Nell'articolo della pagina accanto :
A TARANTO TUTTO E' FERMO LA CITTA' DIVISA SUL FUTURO
Il Governo accusa di immobilismo gli enti locali dicendo che " 200 degli oltre 800 milioni messi sul tavolo dal Governo non sono nemmeno stati impegnati "
Le preferenze del Governo tra una cordata guidata da Mittal e l'altra cordata risultano anche abbastanza chiare nell'articolo. C'è la paura che qualcuno compri per chiudere e per eliminare concorrenza. ( in grande quello che è successo molto più in piccolo con la Sertubi di Trieste ?)
Più difficile per noi e voi è comprendere come sia possibile acquistare un complesso industriale siderurgico che registra perdite per 50 milioni al mese versando quote di 200 o 100 milioni come riferito dalla stampa per i possibili investimenti riconducibili a Arvedi o Del Vecchio. La Cassa Depositi e Prestiti ( come riportato nell'articolo ) non può essere l'azionista di riferimento e principale per cui anche il suo intervento finanziario dovrebbe essere in quell'ordine di quota. Quindi nel caso delle due cordate la grossa parte dell'investimento andrebbe a cadere rispettivamente sugli indiani di Mittal o i turchi di Erdemir ?
Poi ci sono sempre i miliardi sequestrati alla famiglia Riva che dovevano essere investiti nelle bonifiche ma che sono ancora "indisponibili" nelle banche svizzere.
Questo per dire quanto sia complicato tenere un filo di ragionamento. vediamo ora di rispondere, compresa la complessità dell'intera vicenda se esiste un rapporto diretto tra i posti di lavoro e il mantenimento dell'area a caldo ?
Tra le varie ipotesi per l'ILVA di Taranto c'è la possibile chiusura delle cokerie e l'acquisto sul mercato estero del coke necessario. A proposito delle aree a caldo il portavoce dei Cittadini Liberi e Pensanti, operaio dell'ILVA, Cataldo Ranieri dichiara a Repubblica che :" A Taranto viviamo in un'altra Italia: a Genova è stato deciso che l'area a caldo dell'Ilva non sia compatibile con il lavoro e a Taranto magicamente sì. Incredibilmente la classe politica considera più realizzabile l'adeguamento di un'industria vecchia di settant'anni per un mercato che non c'è più piuttosto che finanziare la riconversione del patrimonio di un territorio."

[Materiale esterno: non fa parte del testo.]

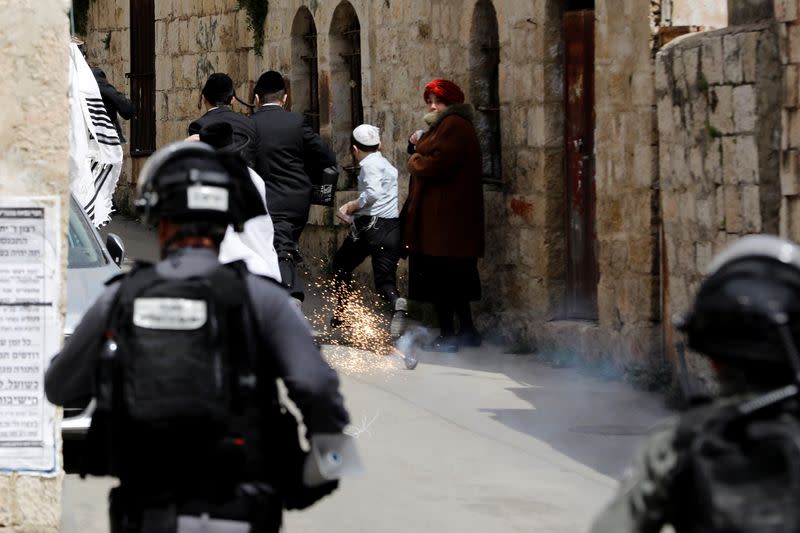 A stun grenade explodes during scuffles with ultra-Orthodox Jews as police patrol streets to enforce a partial lockdown against the coronavirus disease (COVID-19) in Mea Shearim neighbourhood of Jerusalem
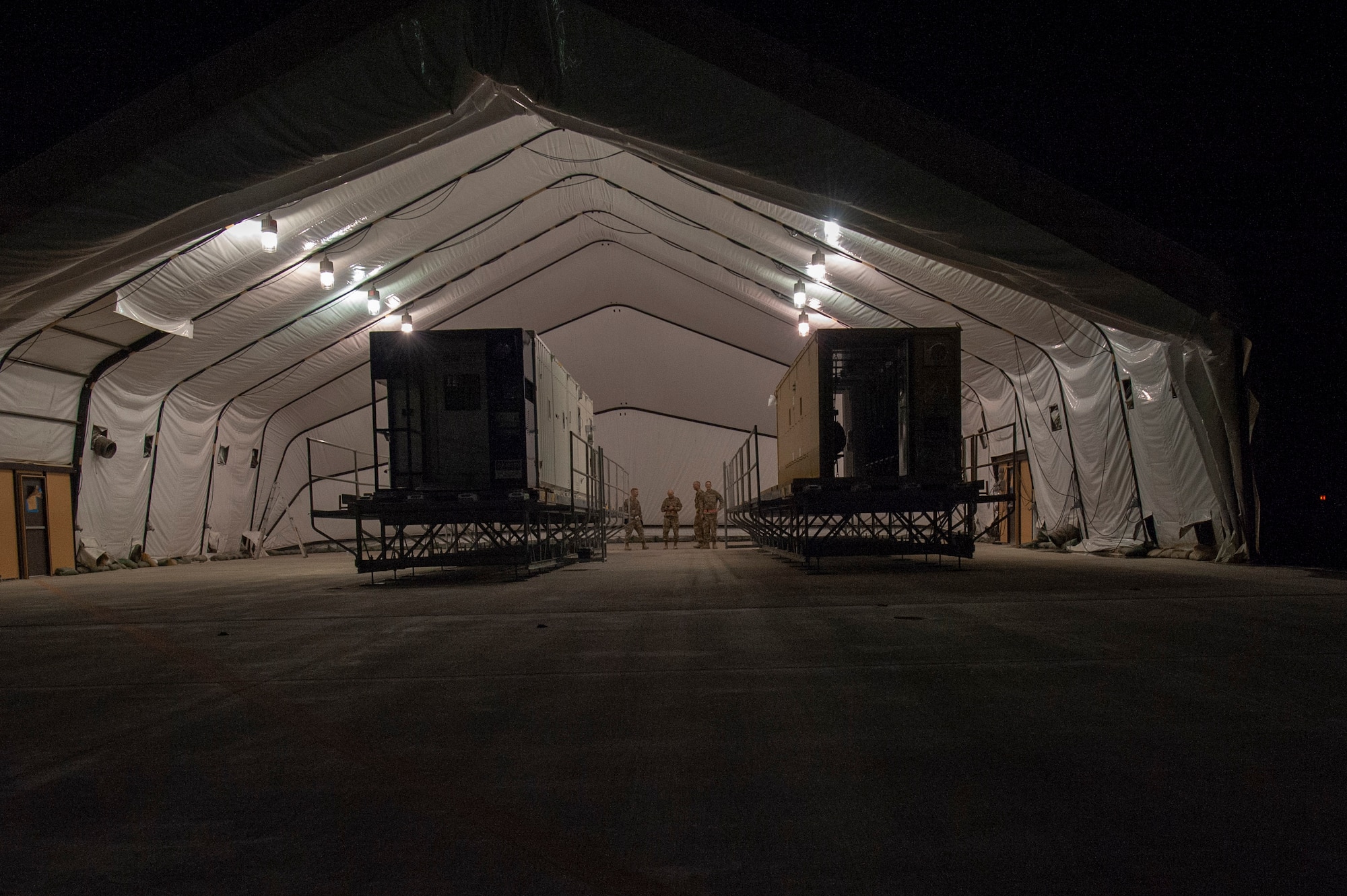 A specialized medical container designed to transport individuals with infectious diseases sits in a clamshell hangar on the flight line of Al Udeid Air Base, Qatar, on Sept. 18, 2020. The Negatively Pressurized Conex-Lite is a smaller variation of the Negatively Pressurized Conex and is configured to safely transport up to nine patients, including ambulatory and litter, around the globe.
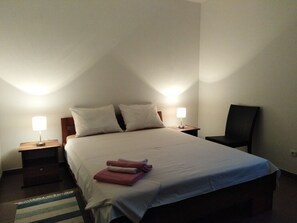 Ein ordentlich bezogenes Bett mit Kissen und gefalteten Handtüchern, zwei Nachttischlampen, ein Stuhl und ein Streifenmuster-Teppich in einem schlichten Raum mit weißen Wänden.
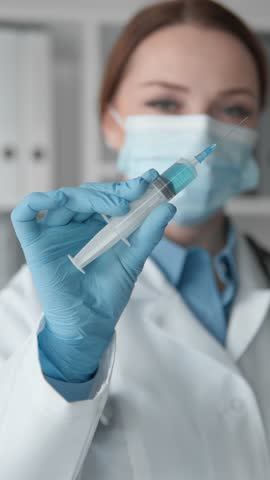 In a clinical setting, a healthcare professional is pictured holding a syringe for a vaccination procedure, ensuring the safety and protection of patients against diseases like COVID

Se a queste considerazioni aggiungiamo le notizie che abbiamo raccolto a Piombino sulla chiusura da due anni dell'area a caldo in quello stabilimento siderurgico cominciamo ad inserire il problema di Trieste in un contesto dove veramente l'area a caldo di Servola rischia di rimanere l'unica in funzione in Italia.